We
must have men worthy and equipped to carry out impartial justice.
But, at the same time, we must have judges who will bring to the
courts a present-day sense of the Constitution--judges who will
retain in the courts the judicial functions of a court, and reject
the legislative powers which the courts have today assumed.
In forty-five out of the forty-eight states of the Union, judges
are chosen not for life but for a period of years. In many states
judges must retire at the age of seventy. Congress has provided
financial security by offering life pensions at full pay for
federal judges on all courts who are willing to retire at seventy.
In the case of Supreme Court justices, that pension is $20,000 a
year. But all federal judges, once appointed, can, if they choose,
hold office for life, no matter how old they may get to be.

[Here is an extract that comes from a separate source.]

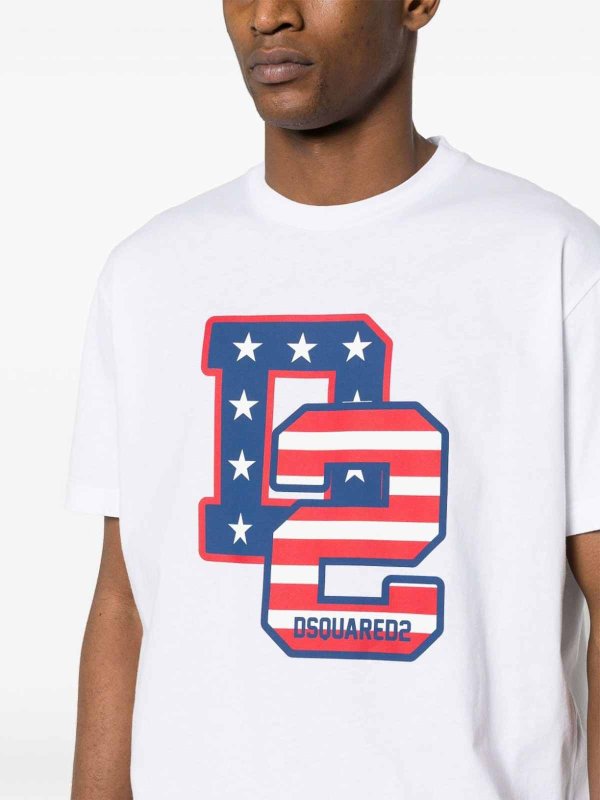 The Best Shops DSQUARED2: T-shirts - T-Shirt - Schwarz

What is my proposal? It is simply this: whenever a judge or justice
of any federal court has reached the age of seventy and does not
avail himself of the opportunity to retire on a pension, a new
member shall be appointed by the President then in office, with the
approval, as required by the Constitution, of the Senate of the
United States.
That plan has two chief purposes. By bringing into the judicial
system a steady and continuing stream of new and younger blood, I
hope, first, to make the administration of all federal justice
speedier and, therefore, less costly; secondly, to bring to the
decision of social and economic problems younger men who have had
personal experience and contact with modern facts and circumstances
under which average men have to live and work.